■ Exercise instructions
Using the material below, print a verbatim copy of every line from the one containing "90s OLD GAP" through the one containing "Einfache minimale rosa", inclusive, and omit the pictures.

───── Dataset entries ─────

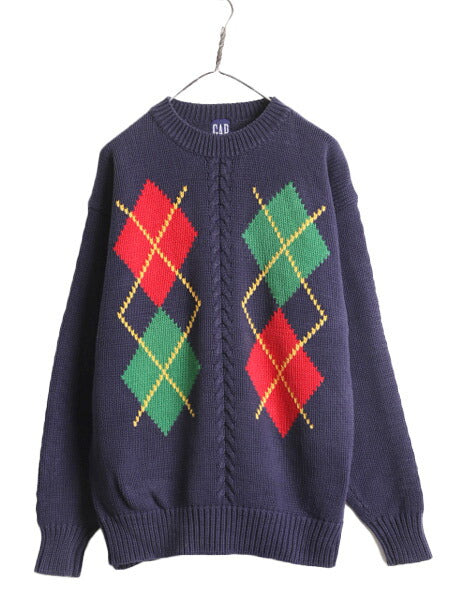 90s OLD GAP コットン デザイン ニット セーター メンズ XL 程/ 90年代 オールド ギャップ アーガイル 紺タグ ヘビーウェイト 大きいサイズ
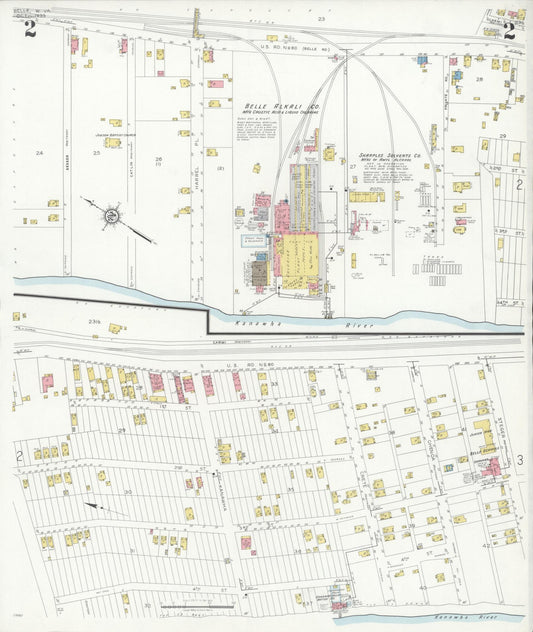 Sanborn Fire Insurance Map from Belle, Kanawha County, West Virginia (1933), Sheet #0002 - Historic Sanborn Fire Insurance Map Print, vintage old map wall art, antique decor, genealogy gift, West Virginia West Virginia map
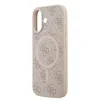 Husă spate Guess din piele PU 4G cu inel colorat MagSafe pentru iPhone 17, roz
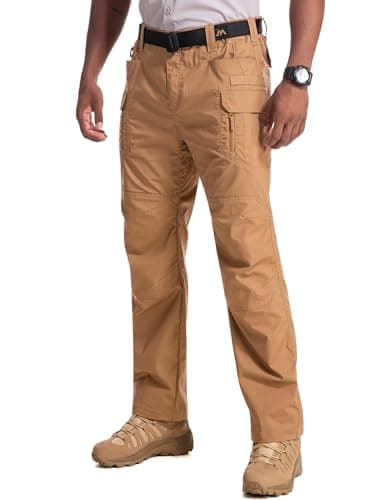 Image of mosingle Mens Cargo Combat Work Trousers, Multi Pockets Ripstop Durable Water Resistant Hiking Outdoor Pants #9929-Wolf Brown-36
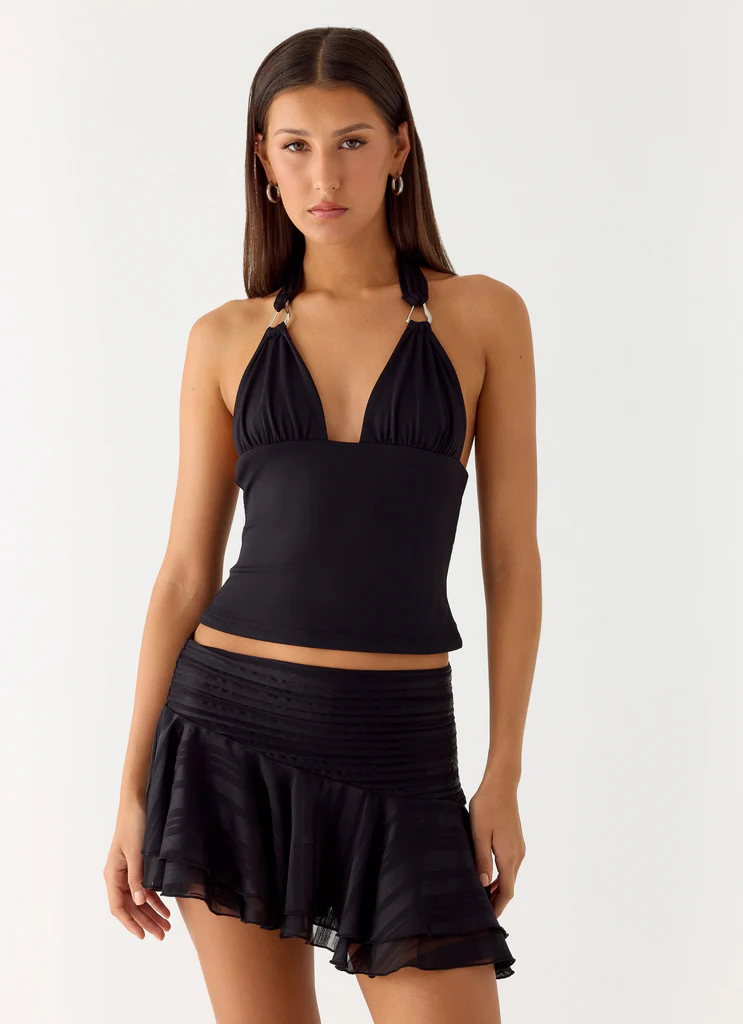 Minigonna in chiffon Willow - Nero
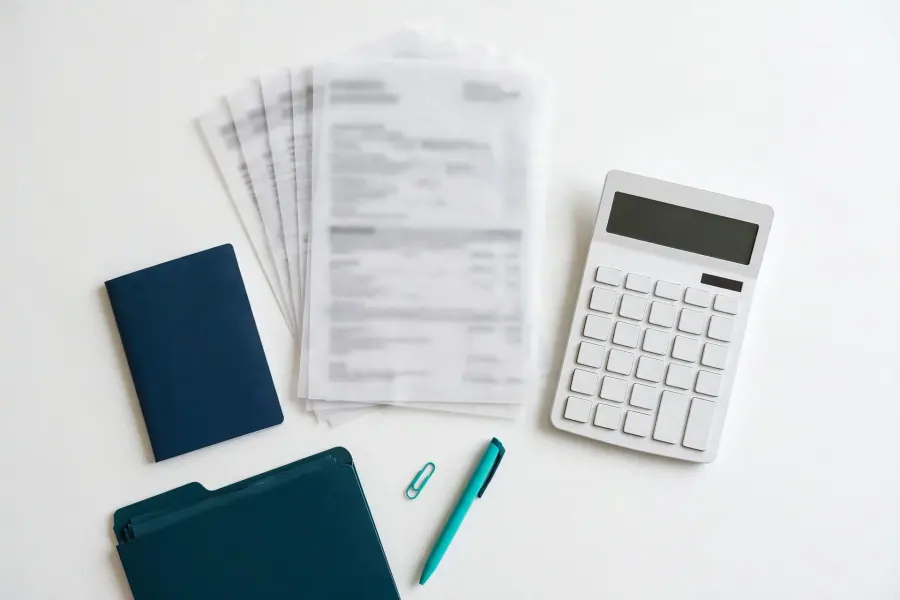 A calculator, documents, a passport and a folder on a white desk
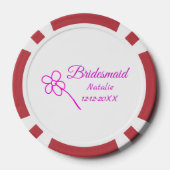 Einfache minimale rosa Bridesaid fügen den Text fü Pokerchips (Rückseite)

─────
───── Dataset entries ─────

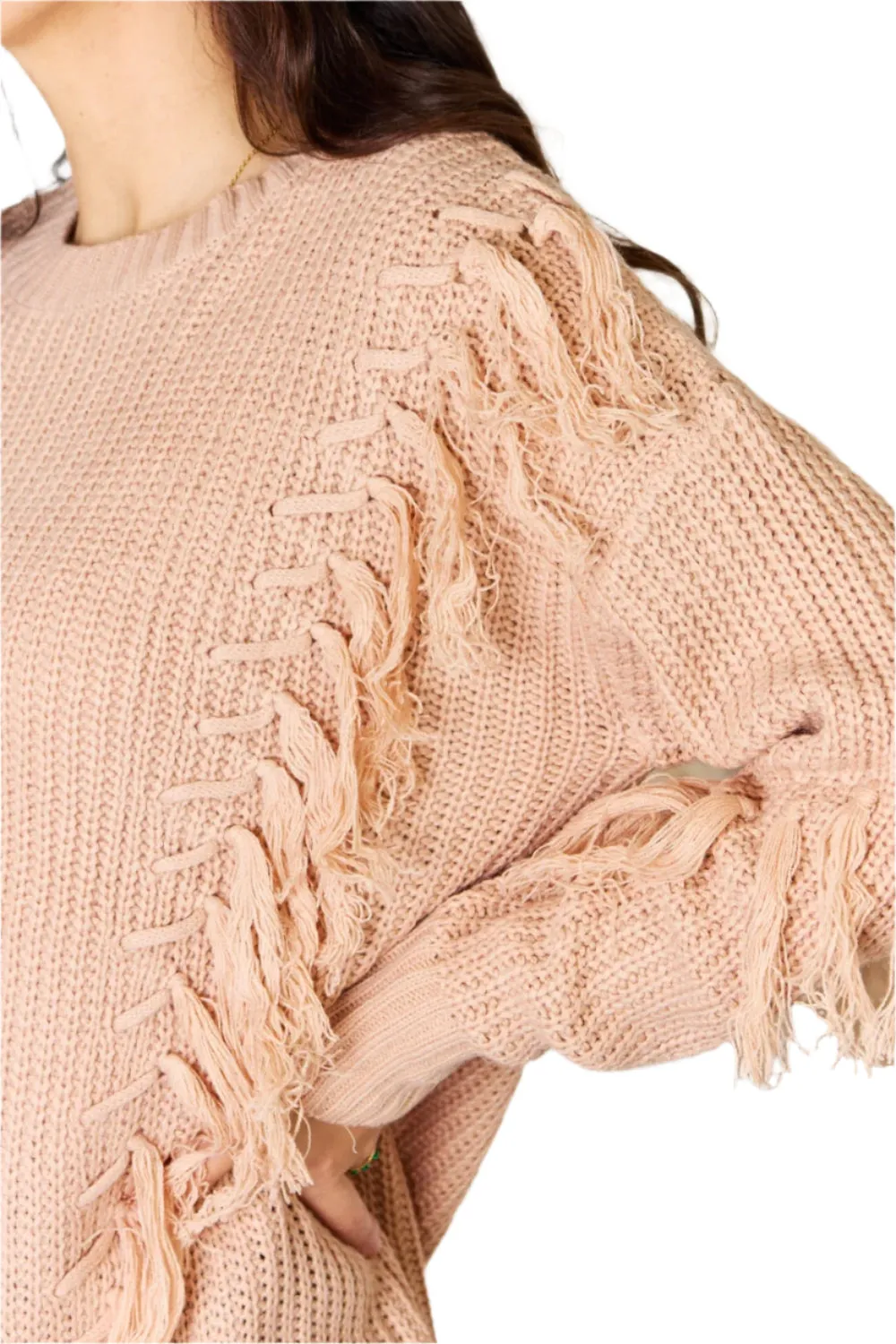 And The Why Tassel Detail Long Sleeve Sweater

─────
───── Dataset entries ─────

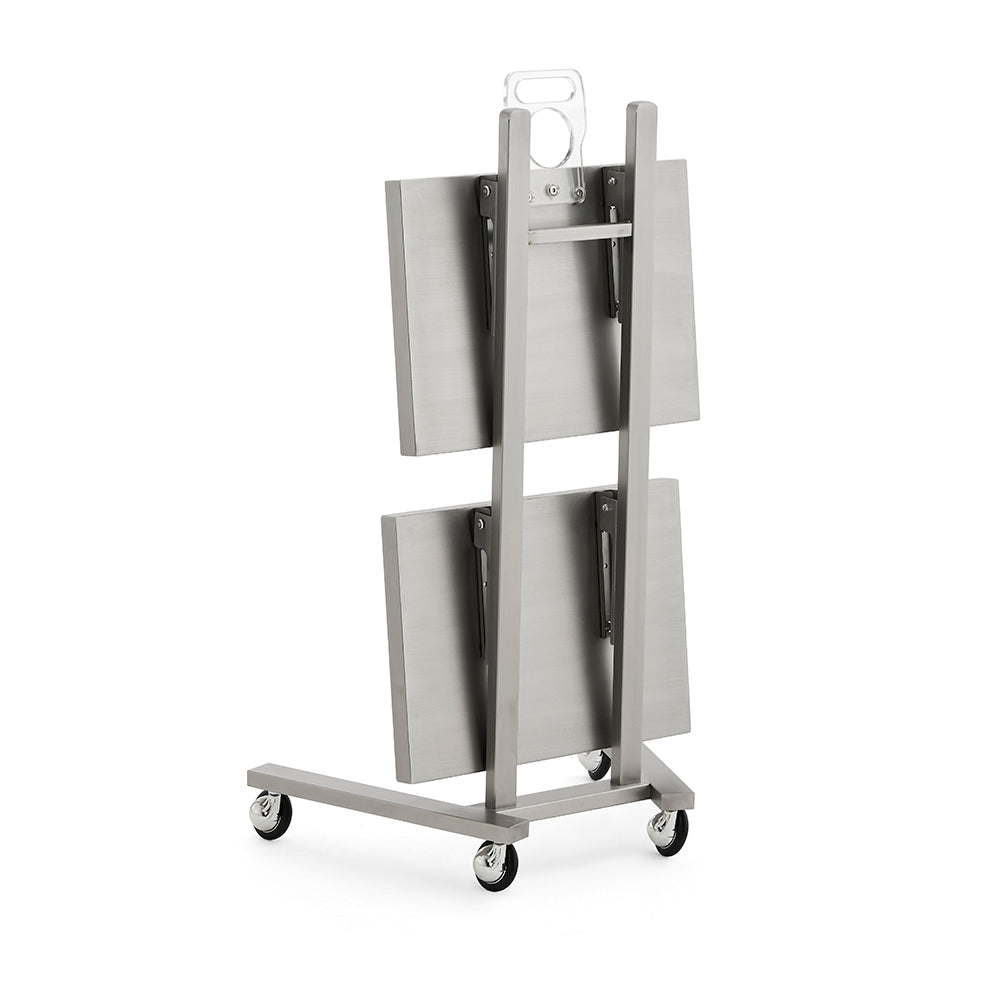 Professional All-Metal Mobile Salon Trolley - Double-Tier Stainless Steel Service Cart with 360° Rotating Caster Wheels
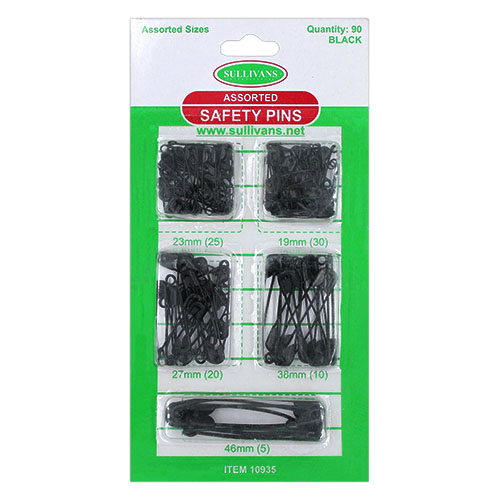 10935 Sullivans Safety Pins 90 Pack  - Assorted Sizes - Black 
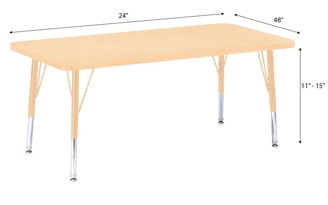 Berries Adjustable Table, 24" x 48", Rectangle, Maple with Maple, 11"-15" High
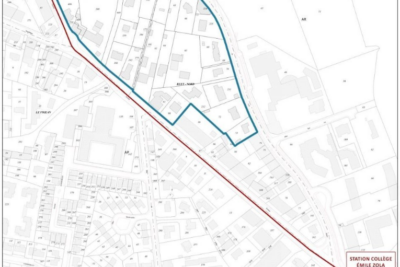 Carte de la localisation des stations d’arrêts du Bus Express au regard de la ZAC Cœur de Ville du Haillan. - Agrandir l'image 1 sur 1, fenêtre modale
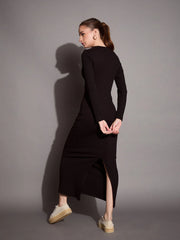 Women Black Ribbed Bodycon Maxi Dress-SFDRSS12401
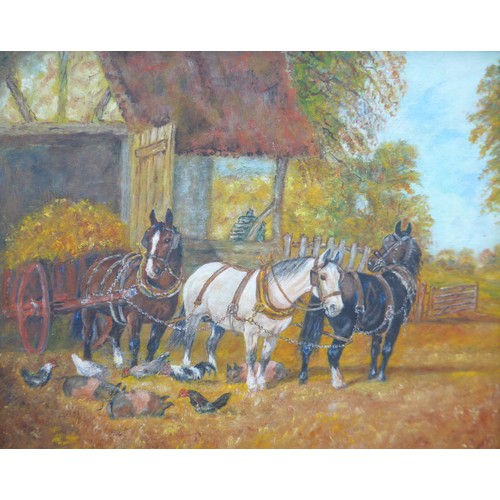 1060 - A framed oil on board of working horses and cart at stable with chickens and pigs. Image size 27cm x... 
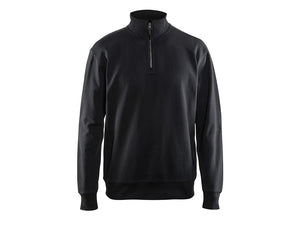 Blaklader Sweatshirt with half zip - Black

─────

■ Answer for this exercise
 90s OLD GAP コットン デザイン ニット セーター メンズ XL 程/ 90年代 オールド ギャップ アーガイル 紺タグ ヘビーウェイト 大きいサイズ
 Sanborn Fire Insurance Map from Belle, Kanawha County, West Virginia (1933), Sheet #0002 - Historic Sanborn Fire Insurance Map Print, vintage old map wall art, antique decor, genealogy gift, West Virginia West Virginia map
 Husă spate Guess din piele PU 4G cu inel colorat MagSafe pentru iPhone 17, roz
 Image of mosingle Mens Cargo Combat Work Trousers, Multi Pockets Ripstop Durable Water Resistant Hiking Outdoor Pants #9929-Wolf Brown-36
 Minigonna in chiffon Willow - Nero
 A calculator, documents, a passport and a folder on a white desk
 Einfache minimale rosa Bridesaid fügen den Text fü Pokerchips (Rückseite)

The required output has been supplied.